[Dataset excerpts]
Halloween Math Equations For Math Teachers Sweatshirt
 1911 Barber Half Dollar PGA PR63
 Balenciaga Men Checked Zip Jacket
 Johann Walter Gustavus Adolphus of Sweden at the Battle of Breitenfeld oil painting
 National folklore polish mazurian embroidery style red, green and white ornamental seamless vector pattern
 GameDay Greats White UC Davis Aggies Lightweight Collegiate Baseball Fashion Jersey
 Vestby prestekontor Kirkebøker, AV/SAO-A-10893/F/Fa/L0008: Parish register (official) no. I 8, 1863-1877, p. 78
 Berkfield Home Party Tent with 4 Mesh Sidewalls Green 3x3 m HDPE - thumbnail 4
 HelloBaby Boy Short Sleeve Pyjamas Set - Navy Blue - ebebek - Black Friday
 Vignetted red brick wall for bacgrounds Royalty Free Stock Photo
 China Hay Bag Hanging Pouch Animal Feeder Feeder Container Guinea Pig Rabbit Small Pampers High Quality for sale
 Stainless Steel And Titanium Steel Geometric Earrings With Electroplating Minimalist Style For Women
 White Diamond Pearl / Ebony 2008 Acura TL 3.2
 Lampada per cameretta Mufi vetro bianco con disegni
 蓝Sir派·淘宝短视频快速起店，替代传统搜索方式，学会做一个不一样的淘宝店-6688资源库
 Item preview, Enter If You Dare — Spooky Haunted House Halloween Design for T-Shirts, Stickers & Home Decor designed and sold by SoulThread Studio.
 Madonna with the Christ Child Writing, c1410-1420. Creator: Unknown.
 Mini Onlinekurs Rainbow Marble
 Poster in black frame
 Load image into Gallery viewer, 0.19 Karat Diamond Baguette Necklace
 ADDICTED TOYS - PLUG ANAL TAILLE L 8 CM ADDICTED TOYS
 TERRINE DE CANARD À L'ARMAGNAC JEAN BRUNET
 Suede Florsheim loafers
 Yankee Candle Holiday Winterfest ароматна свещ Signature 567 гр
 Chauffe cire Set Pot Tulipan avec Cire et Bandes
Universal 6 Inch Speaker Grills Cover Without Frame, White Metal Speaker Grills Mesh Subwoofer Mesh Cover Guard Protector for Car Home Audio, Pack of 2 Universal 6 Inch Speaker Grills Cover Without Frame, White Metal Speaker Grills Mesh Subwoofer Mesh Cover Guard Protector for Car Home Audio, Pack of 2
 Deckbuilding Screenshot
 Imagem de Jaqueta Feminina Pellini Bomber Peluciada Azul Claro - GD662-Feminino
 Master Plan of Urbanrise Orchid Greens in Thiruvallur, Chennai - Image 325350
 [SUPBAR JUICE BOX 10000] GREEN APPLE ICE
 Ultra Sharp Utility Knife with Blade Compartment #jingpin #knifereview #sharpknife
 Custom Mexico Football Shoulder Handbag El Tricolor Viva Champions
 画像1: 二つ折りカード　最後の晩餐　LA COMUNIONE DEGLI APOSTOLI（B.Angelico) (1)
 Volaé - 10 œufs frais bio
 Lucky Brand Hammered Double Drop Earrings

**What the exercise asks**
All that belongs in the answer is the run of lines above from the line containing "National folklore polish" through the line containing "Vignetted red brick", exactly as written.

**Task response**
 National folklore polish mazurian embroidery style red, green and white ornamental seamless vector pattern
 GameDay Greats White UC Davis Aggies Lightweight Collegiate Baseball Fashion Jersey
 Vestby prestekontor Kirkebøker, AV/SAO-A-10893/F/Fa/L0008: Parish register (official) no. I 8, 1863-1877, p. 78
 Berkfield Home Party Tent with 4 Mesh Sidewalls Green 3x3 m HDPE - thumbnail 4
 HelloBaby Boy Short Sleeve Pyjamas Set - Navy Blue - ebebek - Black Friday
 Vignetted red brick wall for bacgrounds Royalty Free Stock Photo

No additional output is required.